§ About this task: Take nothing but the lines from the one with "LOVEVOOK Laptop Tote" through the one with "Casters Integrated with" in the entries below, both ends kept, and return them exactly with pictures left out.

§ Data for this exercise:
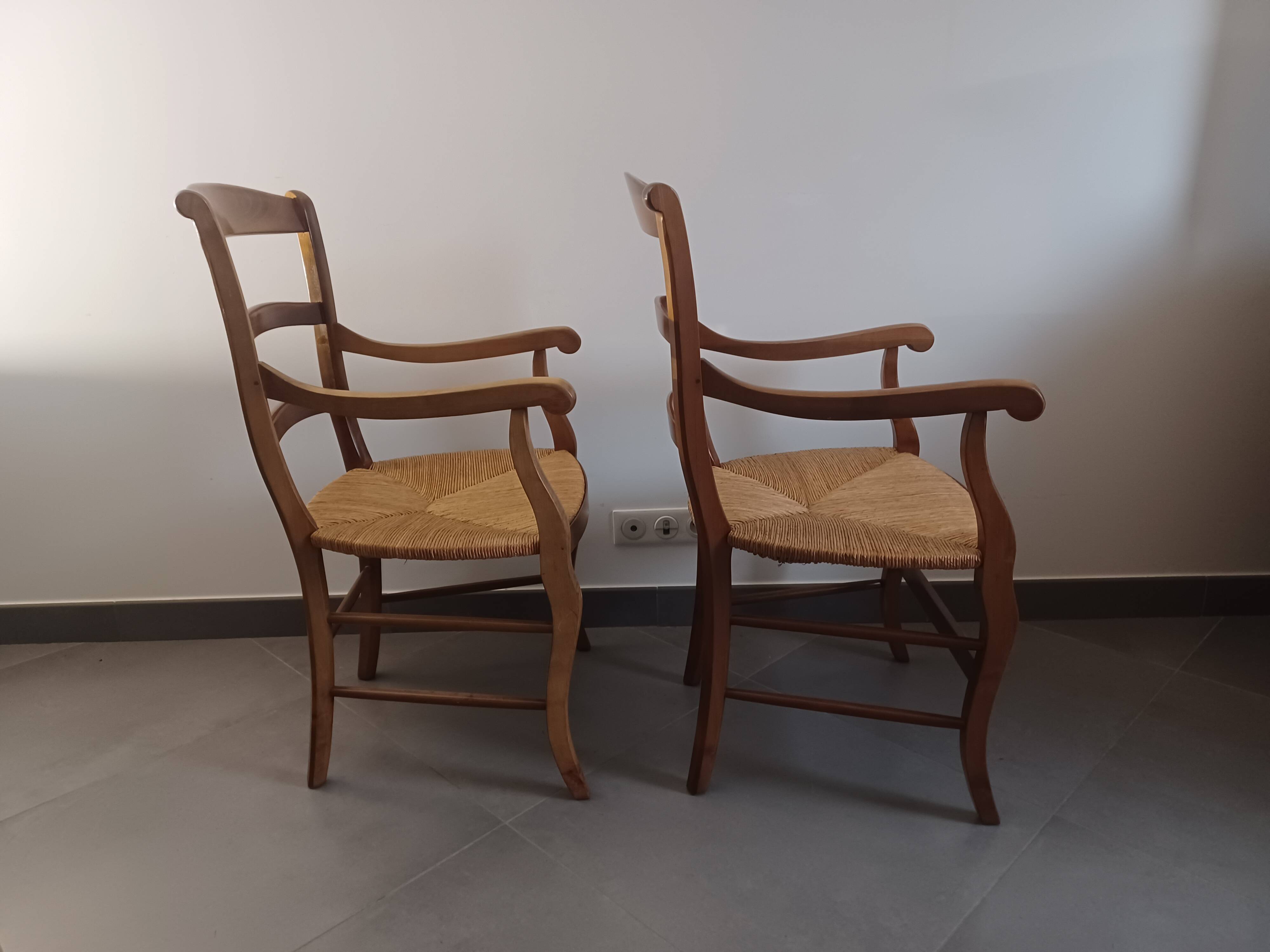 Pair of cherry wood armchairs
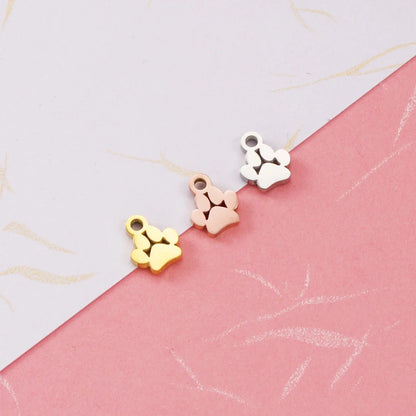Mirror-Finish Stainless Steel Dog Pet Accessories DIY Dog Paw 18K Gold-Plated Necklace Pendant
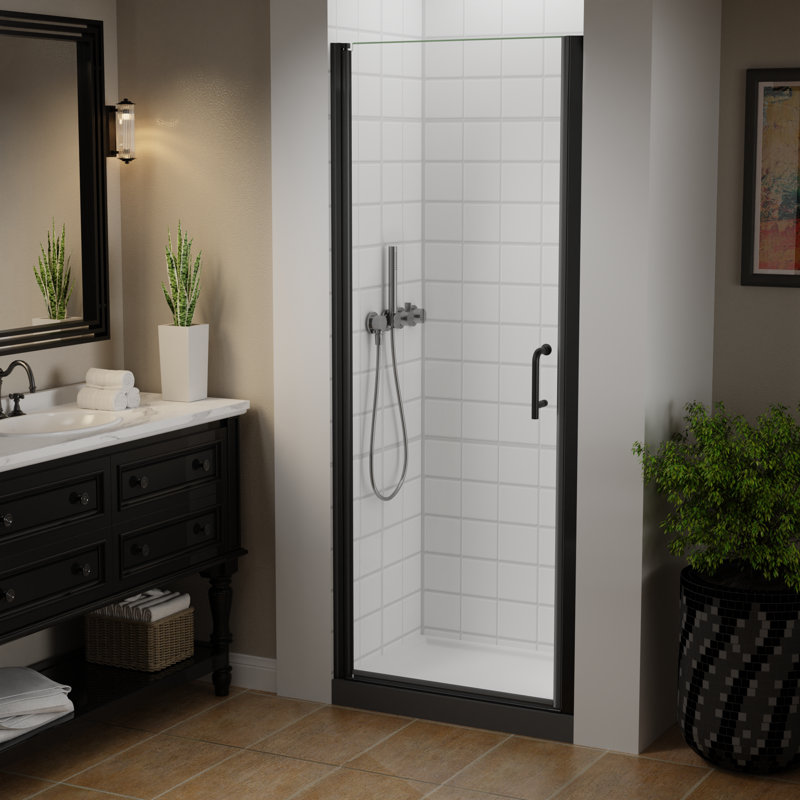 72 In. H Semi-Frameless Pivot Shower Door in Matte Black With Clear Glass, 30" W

...

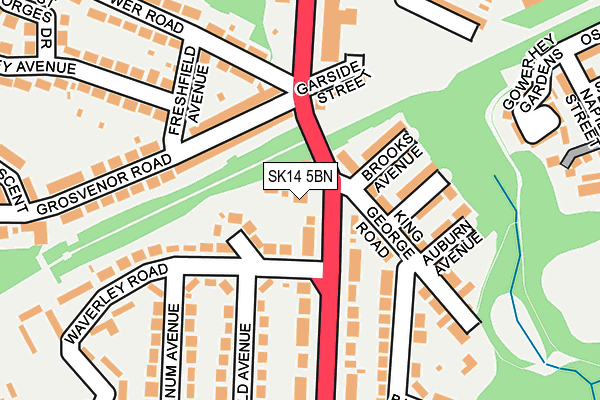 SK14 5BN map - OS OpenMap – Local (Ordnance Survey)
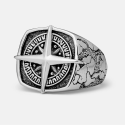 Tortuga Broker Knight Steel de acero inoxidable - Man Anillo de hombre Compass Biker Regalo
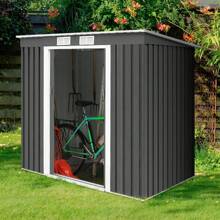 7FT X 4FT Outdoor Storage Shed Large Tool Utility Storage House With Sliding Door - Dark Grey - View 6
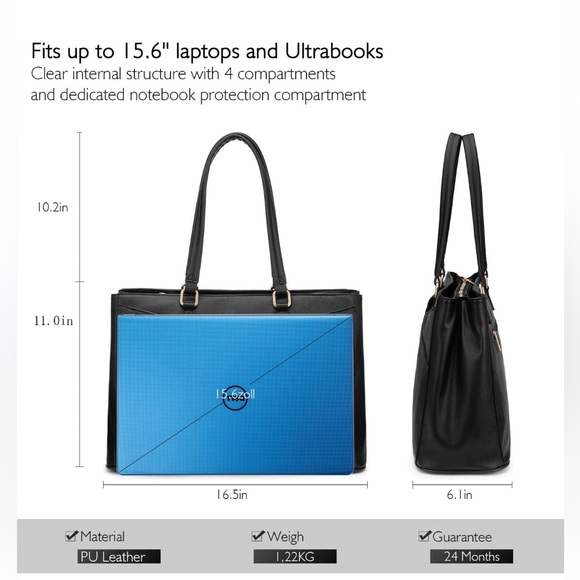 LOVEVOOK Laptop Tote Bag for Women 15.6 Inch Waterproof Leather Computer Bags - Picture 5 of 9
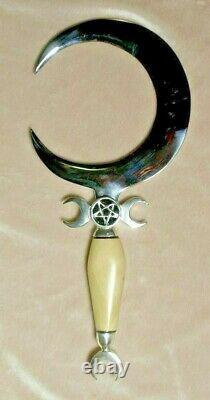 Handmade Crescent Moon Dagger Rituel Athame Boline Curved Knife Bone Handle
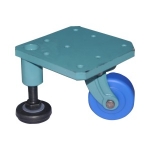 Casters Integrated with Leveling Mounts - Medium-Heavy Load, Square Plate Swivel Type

§ Answer box:
 LOVEVOOK Laptop Tote Bag for Women 15.6 Inch Waterproof Leather Computer Bags - Picture 5 of 9
 Handmade Crescent Moon Dagger Rituel Athame Boline Curved Knife Bone Handle
 Casters Integrated with Leveling Mounts - Medium-Heavy Load, Square Plate Swivel Type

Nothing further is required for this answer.